Methodology for conversion

November 29th, 2011

Traditional Library retroconversion projects have focussed on finding existing high-quality MARC records to use to ‘match’ against the existing manual catalogue records. These MARC records would be acquired in bulk from a library catalogue agency through the focus of a project. Such a project would proceed through a machine matching phase, requiring additional quality control and editing to deliver an end result of high quality records with local library shelf-marks attached.

This is, however, an expensive approach, with per-record costs typically in the range $4-10 (even when records exist for machine-matching). This approach is unaffordable for a project like this, with some 536,400 records requiring conversion, and where a high-proportion of the records cannot be derived through machine-matching.

Another route is to take the information that is found on existing manual catalogue records – often reliable and authoritative information, but not structured according to the accepted standards of the MARC format, and to modify this data, without augmentation into a recognised data structure standard.
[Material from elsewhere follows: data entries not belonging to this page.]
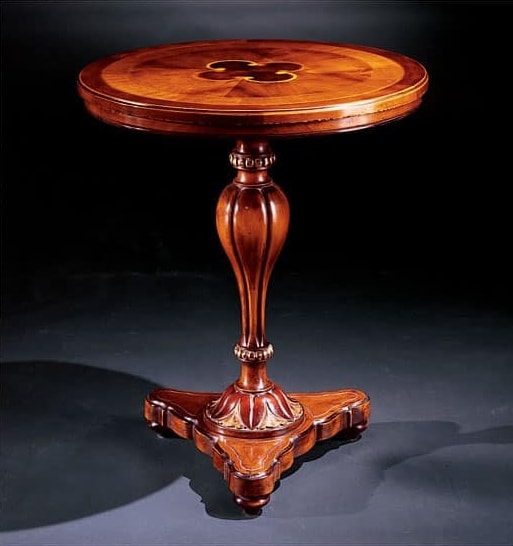 Complements side table 773, Mesa auxiliar clásico de lujo en madera tallada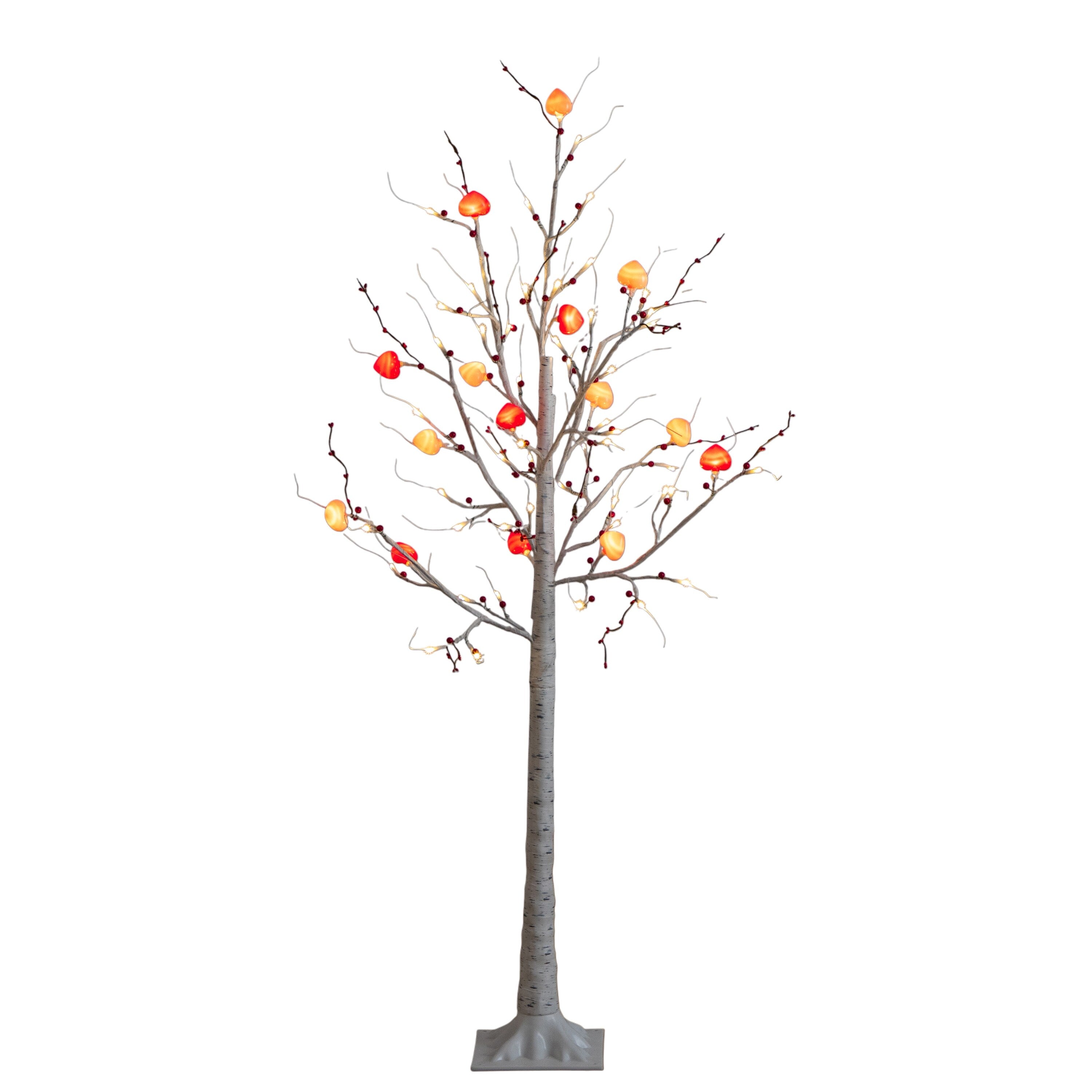 5 Ft Pre Lit Valentines Day Twig Tree With 72 Heart Shaped Led Lights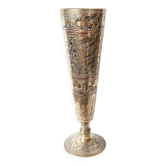 Engraved brass vase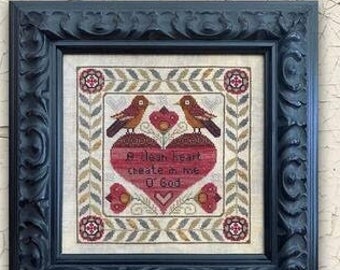 Counted Cross Stitch Pattern, A Clean Heart, Folk Art, Primitive, Early American Folk Art, Teresa Kogut, PATTERN ONLY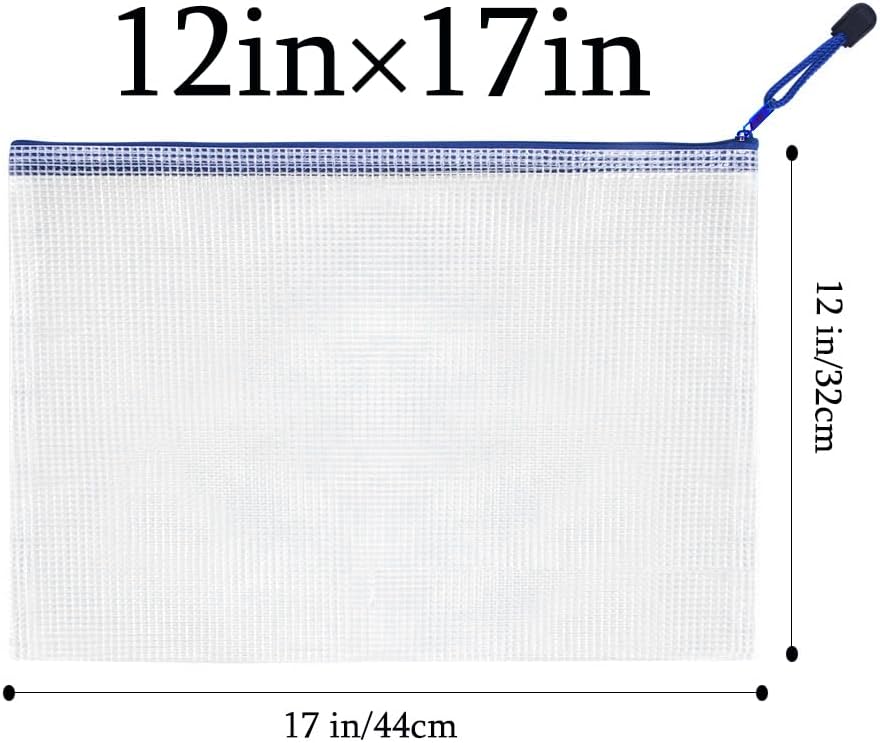 Mesh Zipper Pouch Bag,A3 Zipper Bag for Organizing Storage, Waterproof Zipper Pouch, 17" x 12"/44cm x 32cm, File Bag for School and Office Supplies (Blue)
This approach requires the Library to accept that these records will not fulfil the requirements of ‘high-quality’ MARC records, but has the potential to provide improved access to the existing level of information without the limitations of on-site availability.
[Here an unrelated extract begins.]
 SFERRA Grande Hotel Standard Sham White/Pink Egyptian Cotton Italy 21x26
Such a workflow could be based on existing methodology used to convert card catalogues successfully at the Bodleian[1]. This involves the mass-digitization of the cards, the keyboarding of the data contained on the cards by off-shore keyboarding agencies, and the mark-up of this keyboarded data into an XML-based encoding schema such as EAD[2] or TEI[3]. As far as the underlying data model is concerned, all the data sources from the project will be incorporated into a single object store. The indexes and views built on top of the object store will provide the ability to extract and distinguish individual collections and provide expressions of the content.

Some of the software tools need to undertake a project of this kind, such as a web-based editing tool, have already been created by the Cultures of Knowledge project[4]. In particular, we have already developed a simple yet highly efficient editorial interface that enables cataloguing staff to verify and amend the encoded textual outputs produced by a keying company, by comparing them against the images of the original card catalogue records.
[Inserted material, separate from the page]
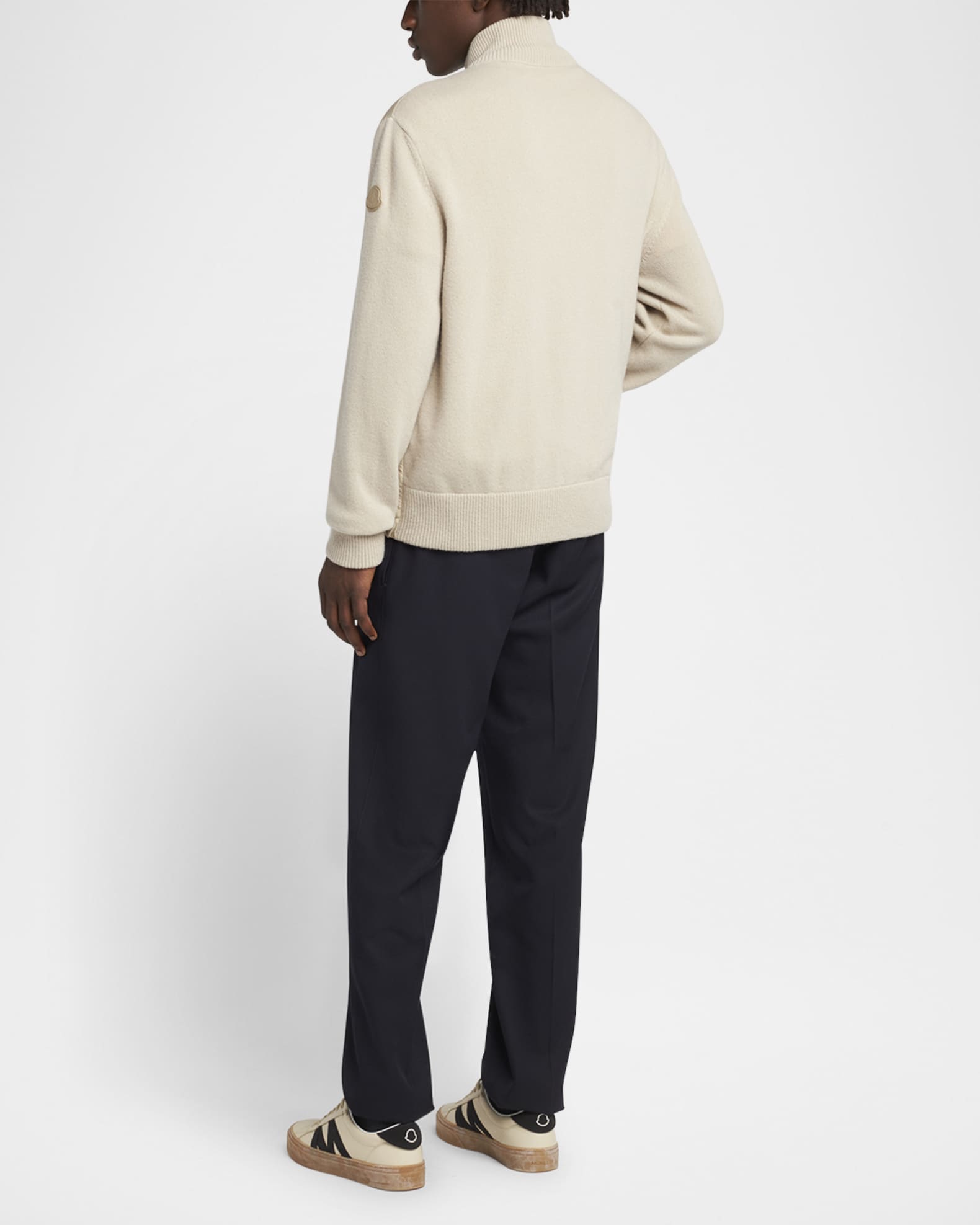 ダウンジャケット MONCLER Men Jacket J20911A00020597R9 038 Beige Moncler Men's Knit Down Jacket | Neiman Marcus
Each catalogue component will be stored as a single Fedora object – and as a result can be readily augmented with comments, additional data, attachments and links to digitised images without requiring changes to the architecture of the storage system. The data from the object store can then be ‘piped’ into the Bodleian’s central resource discovery system (the Primo software provided by Ex Libris[5]) where the data can be searched alongside other large bibliographic datasets.

Depending on the findings of our pilot project with OCLC, it may also prove possible to take the resulting keyed and encoded data, use these to automatically generate suitable queries for the WorldCat API, and obtain matching MARC-21 records from WorldCat. Although records obtained in this way would need to be checked to ensure that they were a true match, they offer a rapid and potentially cost-effective way to enrich the Bodleian’s online catalogue.


[1] See http://www.history.ox.ac.uk/cofk/oxfordresources/bodleian-catalogue

[2] Encoded Archival Description see http://www.loc.gov/ead/

[3] Text Encoding Initiative see http://www.tei-c.org/index.xml

[4] See http://www.history.ox.ac.uk/cofk/

[5] See http://www.exlibrisgroup.com/category/PrimoOverview

Comments are closed.